In deze zaak heeft de kantonrechter van de Rechtbank Gelderland op 1 maart 2024 uitspraak gedaan in een geschil tussen STICHTING TALIS, de verhuurder, en een huurder. De verhuurder vorderde ontbinding van de huurovereenkomst en ontruiming van het gehuurde vanwege een huurachterstand van € 3.760,90. De huurder erkende de huurachterstand, maar voerde aan dat deze was ontstaan door een afwijzing van haar uitkeringsaanvraag door de gemeente, wat achteraf onterecht bleek te zijn. De huurder had inmiddels hulp gezocht en was in staat om de huur te betalen en de achterstand af te lossen.

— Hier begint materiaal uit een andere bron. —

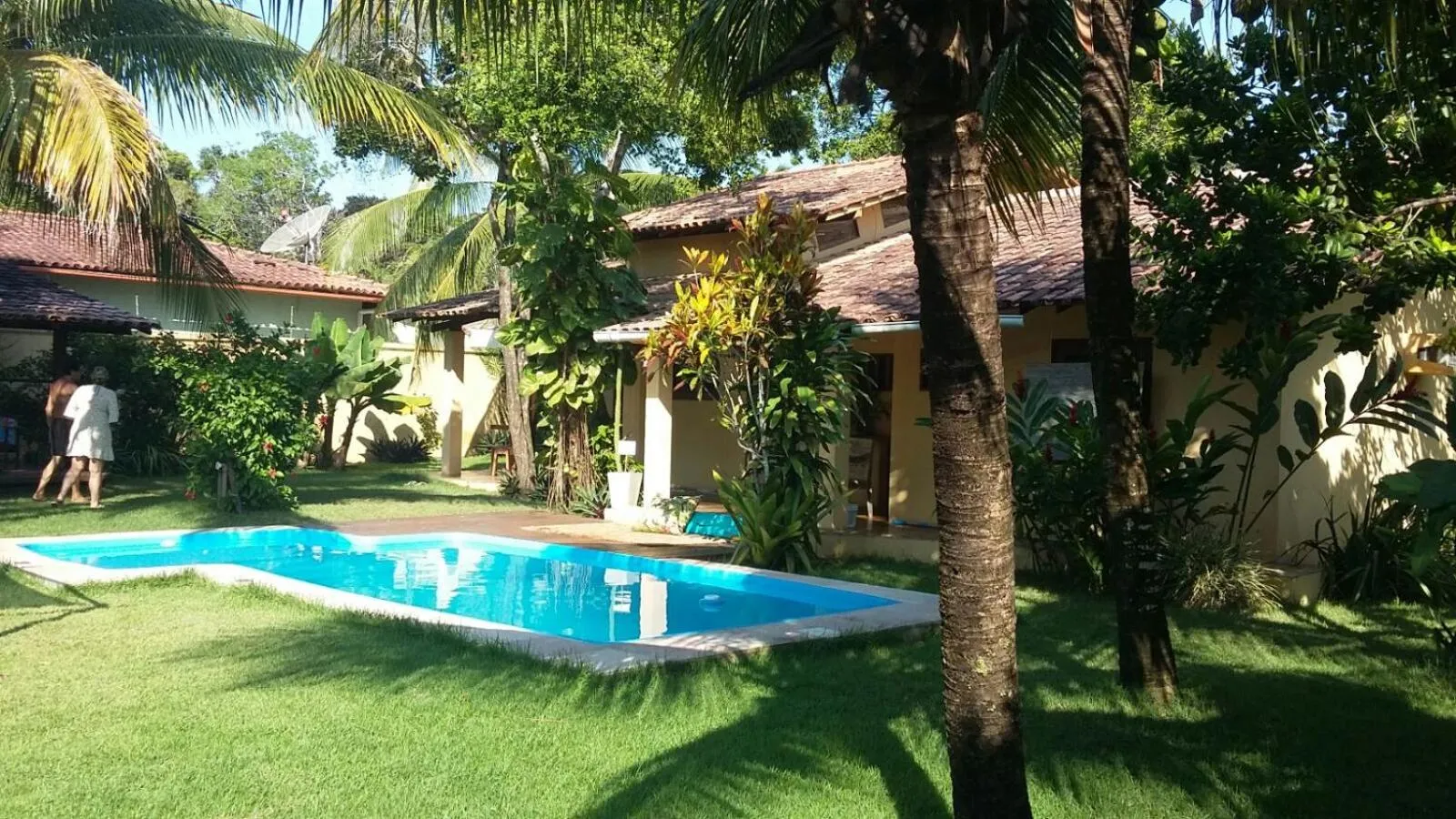 Casa Da Duda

De kantonrechter overwoog dat de huurachterstand in beginsel de gevorderde ontbinding en ontruiming rechtvaardigde, maar besloot deze vordering af te wijzen. De reden hiervoor was dat de huurder met twee minderjarige kinderen in het gehuurde woont en dat de verhuurder te laat had aangemeld voor gemeentelijke schuldhulpverlening. Dit had mogelijk kunnen voorkomen dat de huurachterstand zo hoog opliep. De kantonrechter benadrukte dat de huurder wel degelijk haar betalingsverplichtingen moet nakomen en dat zij verstandig moet omgaan met de hulp die zij ontvangt.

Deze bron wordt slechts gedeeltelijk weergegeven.